Dataset records:
---*---

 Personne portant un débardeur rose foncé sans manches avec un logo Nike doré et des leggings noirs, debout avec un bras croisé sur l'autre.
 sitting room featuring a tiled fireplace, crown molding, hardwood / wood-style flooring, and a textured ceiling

---*---

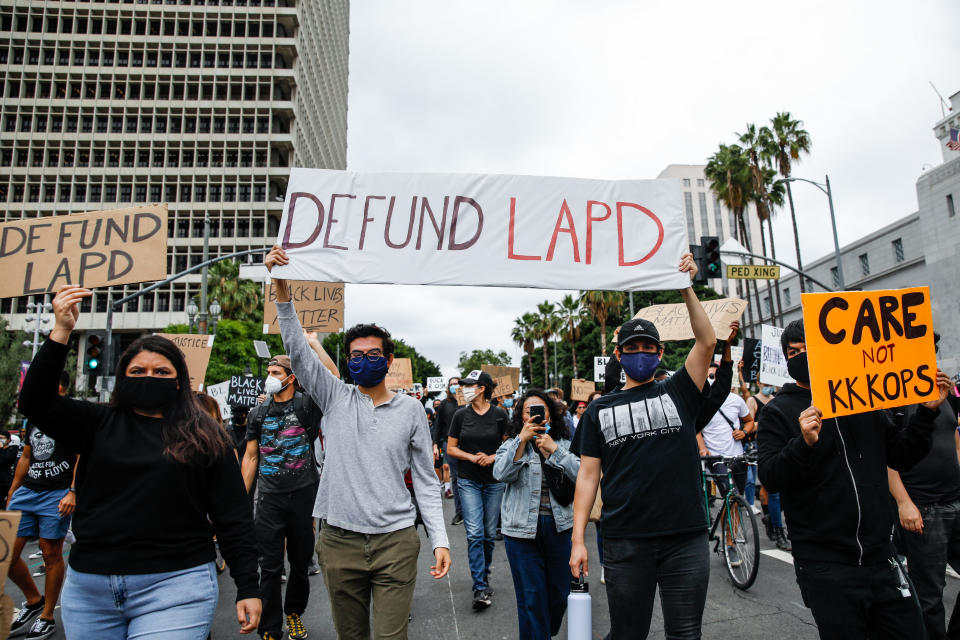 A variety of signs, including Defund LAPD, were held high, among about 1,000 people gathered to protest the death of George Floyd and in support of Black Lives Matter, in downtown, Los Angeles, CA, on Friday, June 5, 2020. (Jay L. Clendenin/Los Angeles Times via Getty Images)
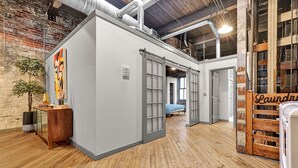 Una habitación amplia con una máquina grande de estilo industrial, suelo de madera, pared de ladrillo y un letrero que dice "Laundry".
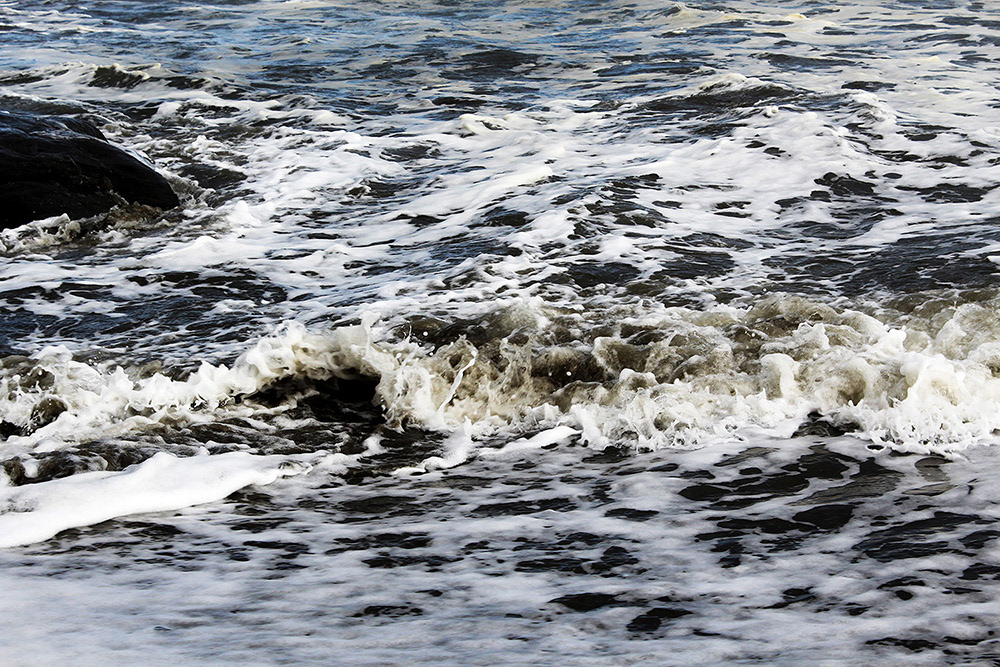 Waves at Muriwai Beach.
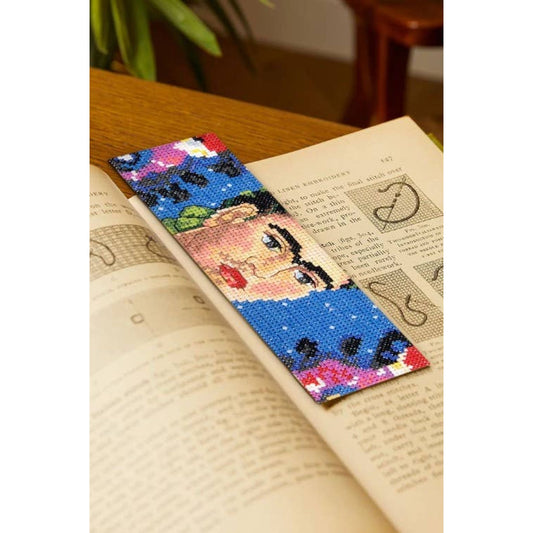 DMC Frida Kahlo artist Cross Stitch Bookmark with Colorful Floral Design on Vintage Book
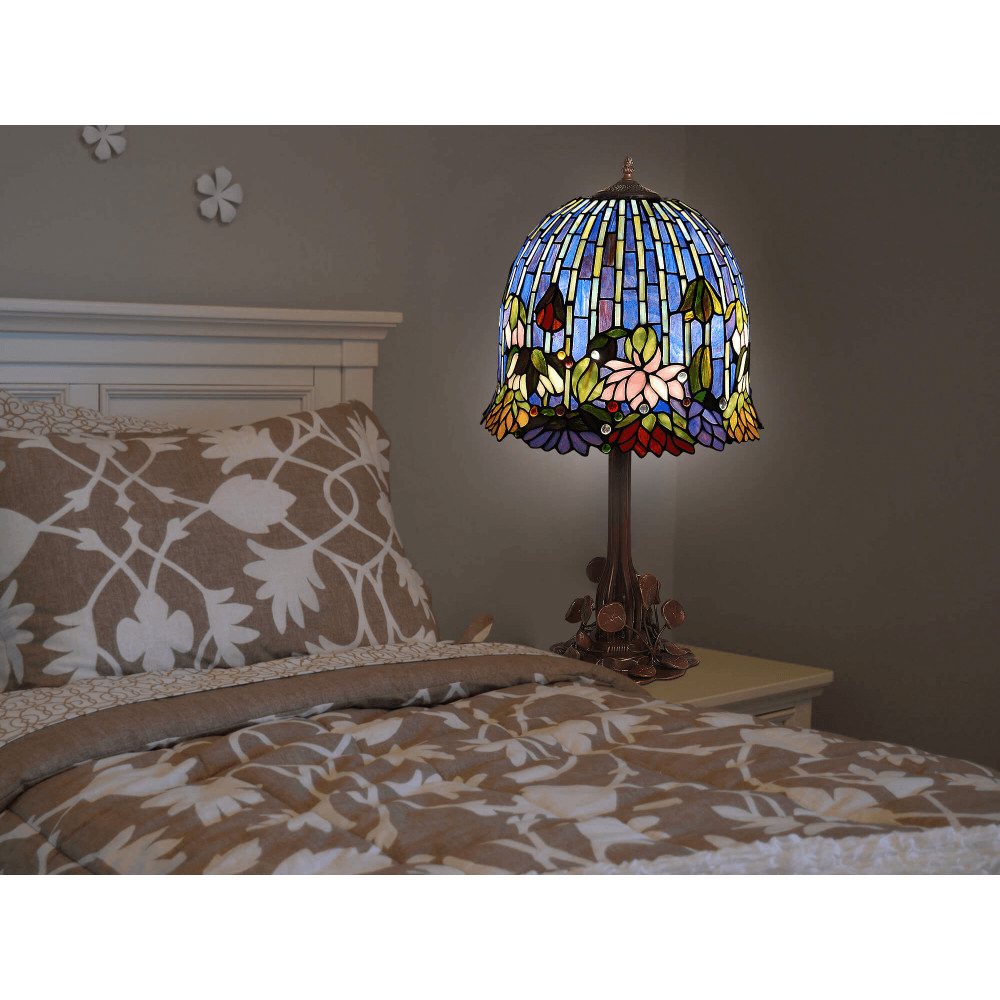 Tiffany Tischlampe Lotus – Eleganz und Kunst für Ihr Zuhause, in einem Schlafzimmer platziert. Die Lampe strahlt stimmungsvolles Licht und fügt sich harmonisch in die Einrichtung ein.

---*---

Work to complete: Copy nothing but the lines above that run from the one with "Una habitación amplia" to the one with "Tiffany Tischlampe Lotus", ends included; pictures stay out.

Written response:
 Una habitación amplia con una máquina grande de estilo industrial, suelo de madera, pared de ladrillo y un letrero que dice "Laundry".
 Waves at Muriwai Beach.
 DMC Frida Kahlo artist Cross Stitch Bookmark with Colorful Floral Design on Vintage Book
 Tiffany Tischlampe Lotus – Eleganz und Kunst für Ihr Zuhause, in einem Schlafzimmer platziert. Die Lampe strahlt stimmungsvolles Licht und fügt sich harmonisch in die Einrichtung ein.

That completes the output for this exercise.